> [EXERCISE AIM] Quote the records exactly, starting at the first line and stopping after the line with "Caramel Swoffle, Organic"; skip the pictures.

[Items from a data source]
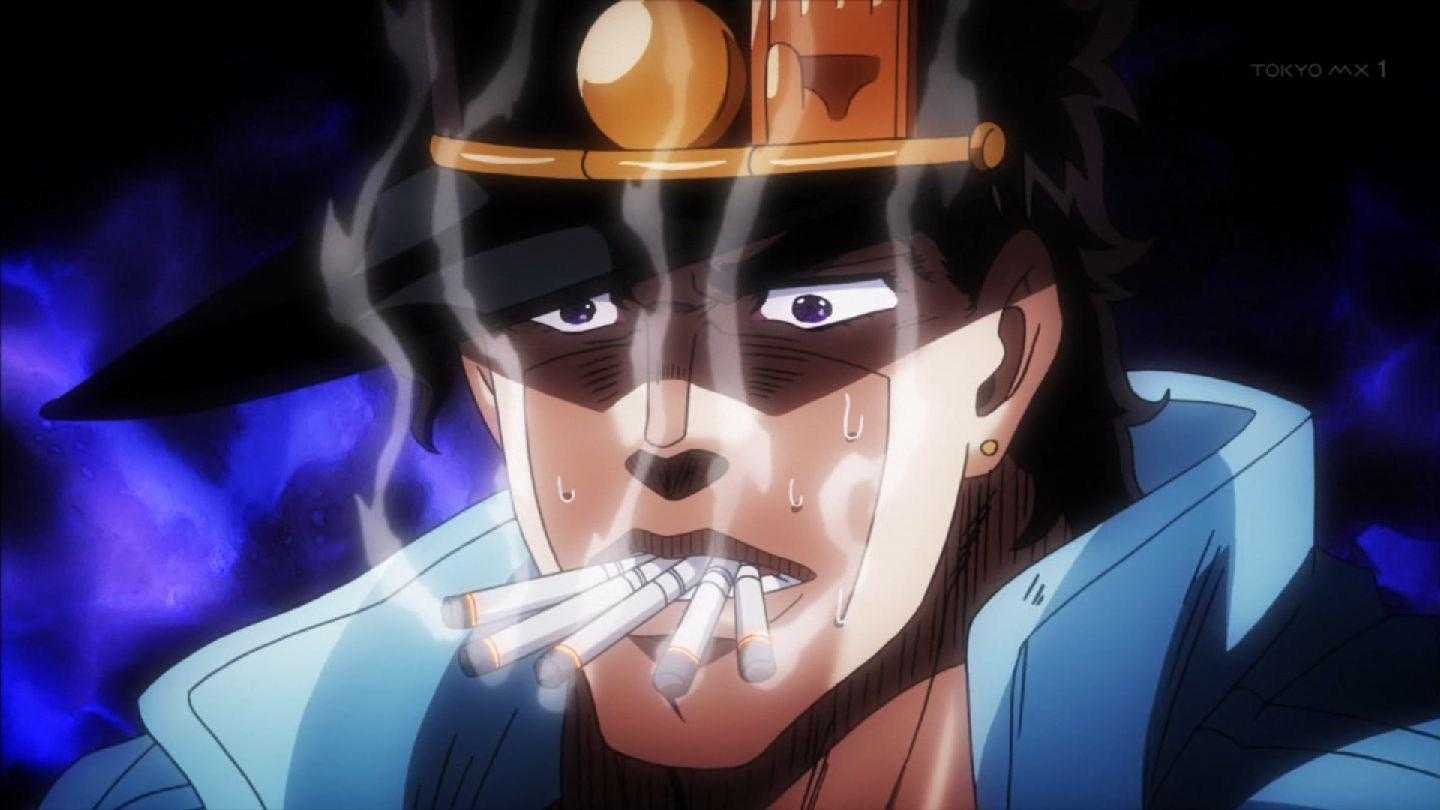 anime character with a hat smoking a cigarette in a dark room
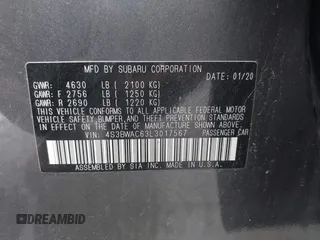 2020 Subaru Legacy Premium z VIN 4S3BWAC63L3017567, wystawiony jako IAAI lot #41899451 z przebiegiem 49 588 mil mil oraz . Historia ofert i sprzedaży dostępna na DreamBid. Obrazek 9.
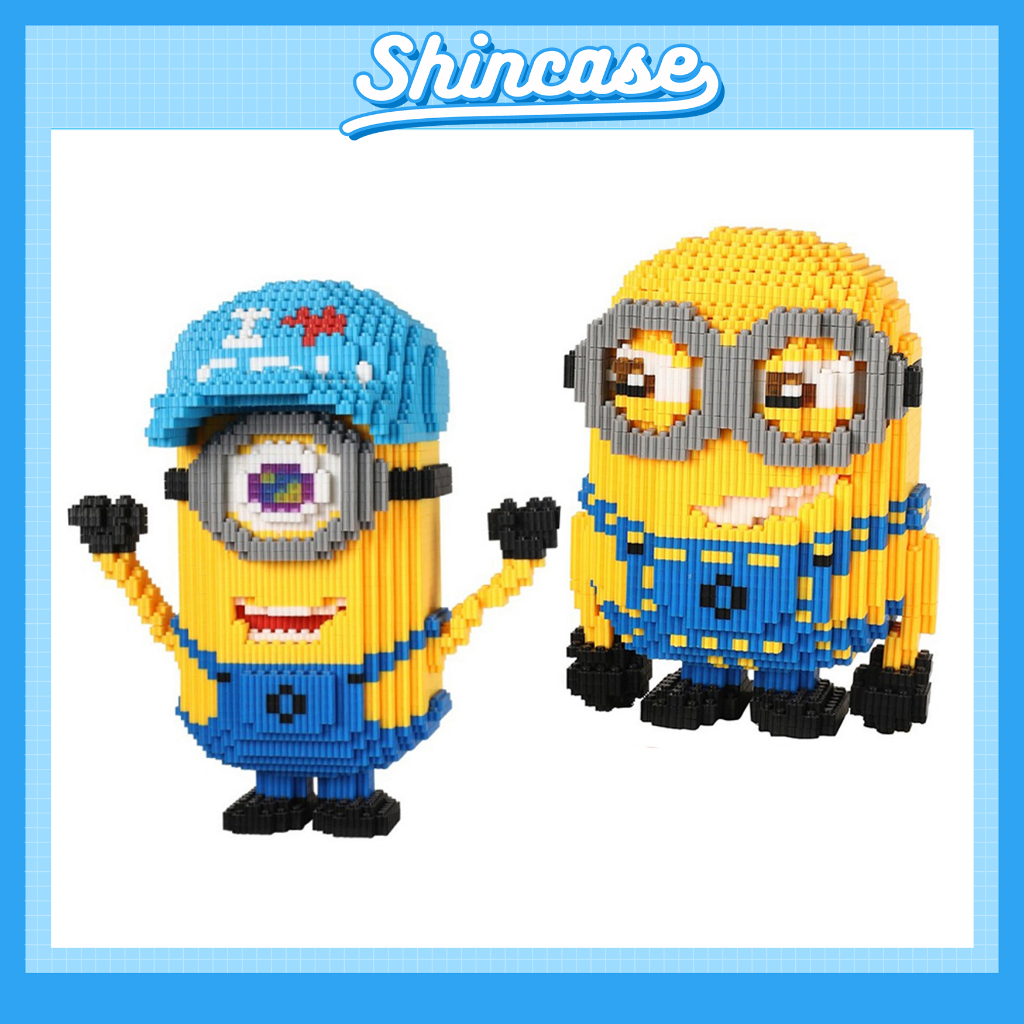 Bộ mô hình đồ chơi lego lắp ráp 3D xếp hình Minion đáng yêu cỡ vừa 34cm 24cm - Shin Case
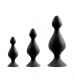 Набор из 3 чёрных анальных силиконовых втулок MENZSTUFF 3-PIECE ANAL PAWN SET
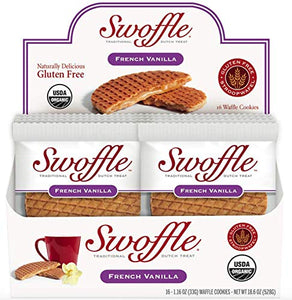 Caramel Swoffle, Organic & Gluten Free, Waffle Cookie, Box of 16 individually wrapped
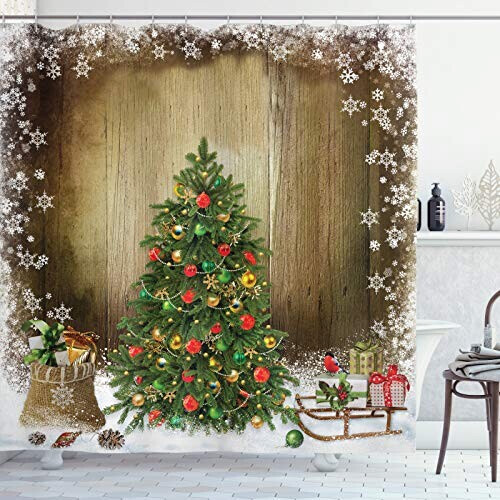 Rideau de douche Noël multicolore 175x180 cm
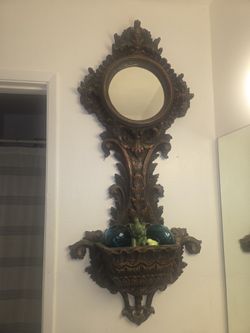 Antique Mirror/ Wall Planter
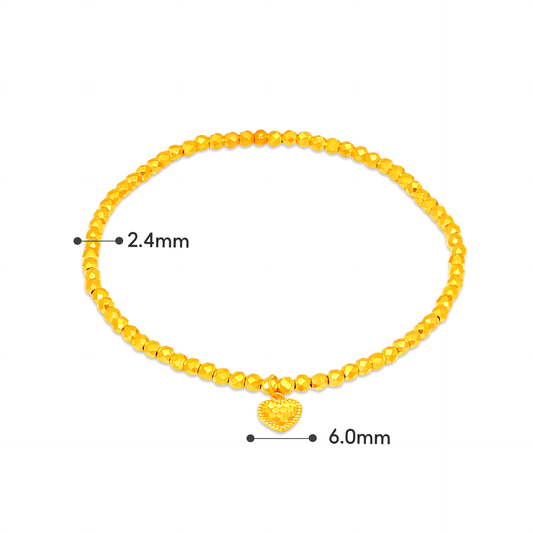 TAKA Jewellery Radiant Facet Bead Heart Charm Stretch Elastic 916 Gold Bracelet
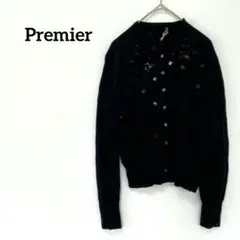 訳あり Premier カシミヤ100 カーディガン　ブラック　ビーズ刺繍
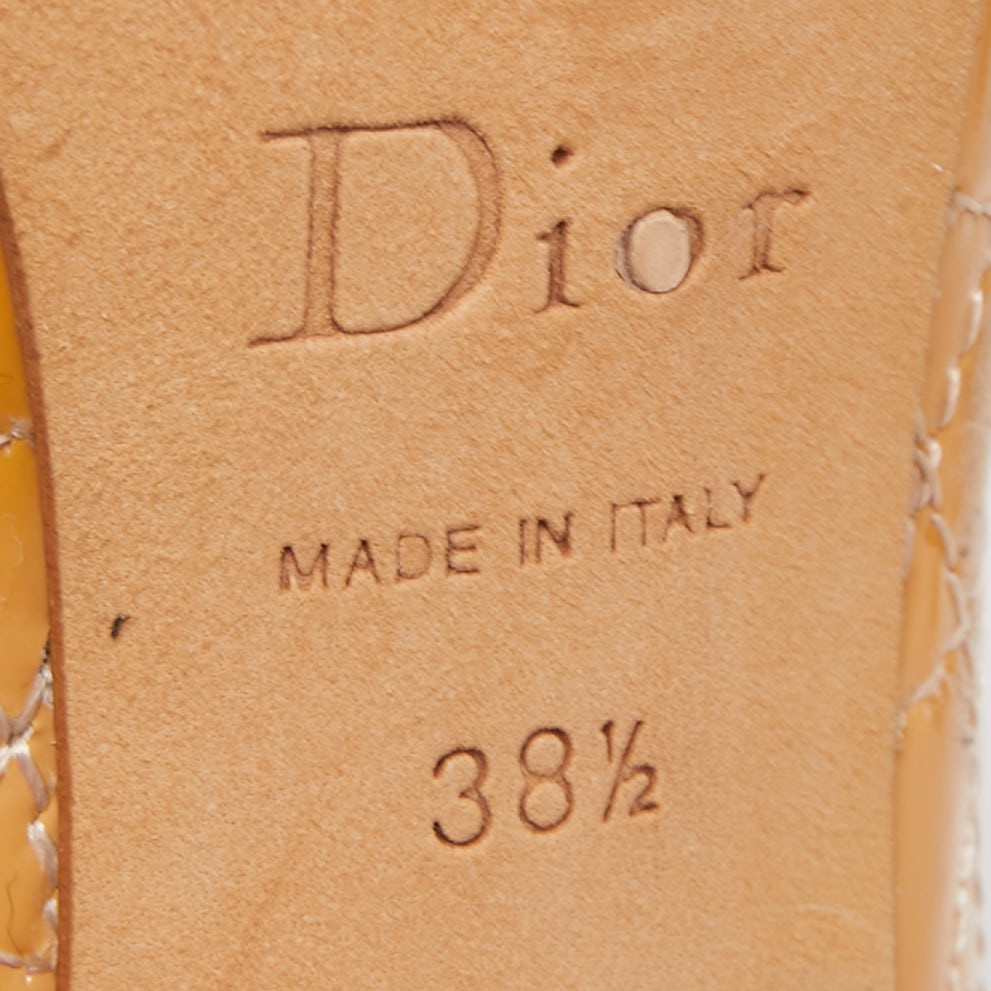 Dior Light Orange/Black Cannage Patent Leather Bow Peep Toe Pumps Size 38.5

> [RESPONSE AREA]
 anime character with a hat smoking a cigarette in a dark room
 2020 Subaru Legacy Premium z VIN 4S3BWAC63L3017567, wystawiony jako IAAI lot #41899451 z przebiegiem 49 588 mil mil oraz . Historia ofert i sprzedaży dostępna na DreamBid. Obrazek 9.
 Bộ mô hình đồ chơi lego lắp ráp 3D xếp hình Minion đáng yêu cỡ vừa 34cm 24cm - Shin Case
 Набор из 3 чёрных анальных силиконовых втулок MENZSTUFF 3-PIECE ANAL PAWN SET
 Caramel Swoffle, Organic & Gluten Free, Waffle Cookie, Box of 16 individually wrapped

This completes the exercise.